Having partaken of birds' nest soup at Chinese banquets in the 50's and 60's, I don't remember it as being particularly tasty. It did have a distinctive gelatinous texture:
Right after they are mated, [swallows] regurgitate long, thin gelatinous strands from their salivary glands under their tongues. These strands play an important role in making their nests.Birds' nests became very expensive, and chefs substituted other ingredients like sharks' fin (discontinued when sharks became endangered) and even corn starch.

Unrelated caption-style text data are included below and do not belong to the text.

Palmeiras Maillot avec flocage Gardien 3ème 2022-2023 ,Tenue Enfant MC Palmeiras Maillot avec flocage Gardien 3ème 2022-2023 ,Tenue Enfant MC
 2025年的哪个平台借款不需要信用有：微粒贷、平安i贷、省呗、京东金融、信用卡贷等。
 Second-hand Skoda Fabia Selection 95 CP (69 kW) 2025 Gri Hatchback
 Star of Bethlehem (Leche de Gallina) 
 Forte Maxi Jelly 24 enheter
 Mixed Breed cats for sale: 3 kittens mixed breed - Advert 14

Now that birds nest has been, er, regurgitated as a health food, expense is no object. From the company website:
Based on modern researches, the protein contained in swallow nest is distinct in that it is mainly biologically active protein, which has revitalizing effects to human body. The researches reveal that Swallow nest contains small amount of epidermal growth factor. Water extraction of Swallow nest can also directly stimulate cell growth/regeneration and enhance the effectiveness of mitogen (the initiator in cell division). Also, this active protein in the nest makes it a very useful tonic for people with weak digestion system (e.g. elderly people), and for some that need a very rapid cell regeneration and development (e.g.: pregnant women, growing children). One of the most recent published researches confirms that the high content of water-soluble glyco-protein in swallow nest promotes cell division within the immune system.The beverage is good for elderly people, pregnant women, and growing children. The target market's hu-uge! I decided to wait; I'm not elderly....yet.